To give you some context on how this could happen:

\- As the project name implies, this started as a client-side jQuery plugin,
with a dummy PHP script to echo out the uploaded file

\- Over time, I added a couple of sample server-side upload components,
including two for Google App Engine (Python + Golang) - which I used for the
demo - and one for PHP, which I never used myself in production

\- I used the PHP component for local tests with various possible file
uploads, including very large files and chunked uploads, which required
enabling all file types for upload. My thinking was that allowing all file
types for upload is not critical as long as the handling of those files is
properly configured.

\- Prior to adding the .htaccess file, I mistakenly assumed developers would
configure their Apache server themselves so that no PHP scripts would be
executed in the uploads folder.
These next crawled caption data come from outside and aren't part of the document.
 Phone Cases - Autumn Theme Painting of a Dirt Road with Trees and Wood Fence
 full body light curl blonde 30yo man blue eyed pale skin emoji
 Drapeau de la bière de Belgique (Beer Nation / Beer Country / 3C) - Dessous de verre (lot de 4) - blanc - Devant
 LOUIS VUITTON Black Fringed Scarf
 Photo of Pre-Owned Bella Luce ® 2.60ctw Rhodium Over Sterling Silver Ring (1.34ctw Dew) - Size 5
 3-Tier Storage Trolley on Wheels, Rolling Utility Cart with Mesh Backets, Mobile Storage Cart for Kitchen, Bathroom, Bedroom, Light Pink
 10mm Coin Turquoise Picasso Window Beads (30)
It was only added in this commit:
[https://github.com/blueimp/jQuery-File-
Upload/commit/13931c7...](https://github.com/blueimp/jQuery-File-
Upload/commit/13931c7e4f7113c7b6832fe6d9abe0edf627ab3d#diff-4ea7e687ccf6a97c37a1a198b894aae1)
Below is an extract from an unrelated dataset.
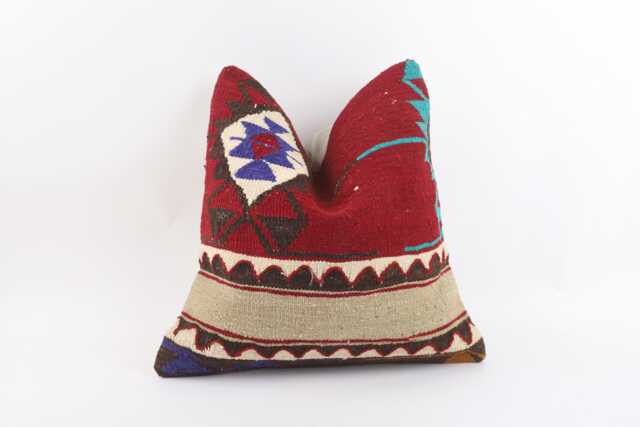 Vintage Turkish Kilim Pillow Cover Handwoven Wool Throw 16x16 - image 1
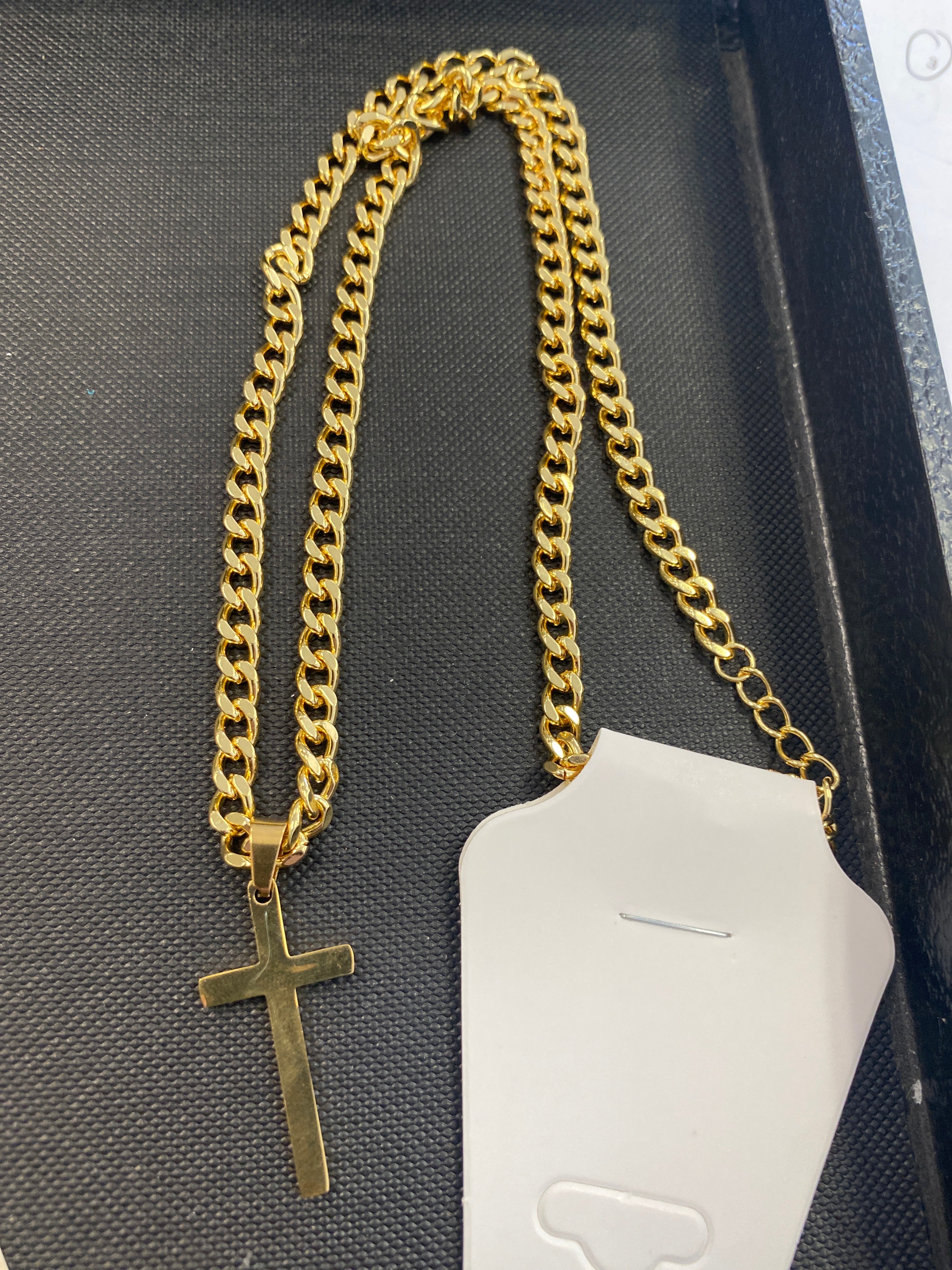 Cuban Link Chain Stainless Steel Gold Cross Necklace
\- The Apache servers I tested with always had support for .htaccess enabled,
so I never bothered to check that the default Apache configuration since
version 2.3.9 actually disabled it

\- The original .htaccess configuration didn't even prevent script execution
in all Apache configurations and had to be fixed, see:
[https://github.com/blueimp/jQuery-File-
Upload/pull/3381](https://github.com/blueimp/jQuery-File-Upload/pull/3381)

Looking back, there are a couple of things that I should have done
differently:

\- Move out the server-side components into separate repositories

\- Inform users better about file upload security - see
[https://github.com/blueimp/jQuery-File-
Upload/wiki/Security](https://github.com/blueimp/jQuery-File-
Upload/wiki/Security)

\- Never assume people actually read information about security

\- Never rely on .htaccess for security configurations in Apache

\- Make sure that published code is secure in all default configurations

\- Never allow all file types for upload by default, even if it is secure in
your configuration

\- Recommend users to not upload files in the same root as their executable
web application

\- Always follow security best practices, even if it makes setup for users
more difficult

I wanted to make it really simple for users to install a generic and secure
file upload service with a great user interface. Unfortunately, security best
practices and ease-of-use are often at odds to each other.

Bonus info:

The client-side component had a cross-site scripting vulnerability in the
Iframe Transport HTML site back in 2012: [https://github.com/blueimp/jQuery-
File-Upload/commit/4175032...](https://github.com/blueimp/jQuery-File-
Upload/commit/41750323a464e848856dc4c5c940663498beb74a)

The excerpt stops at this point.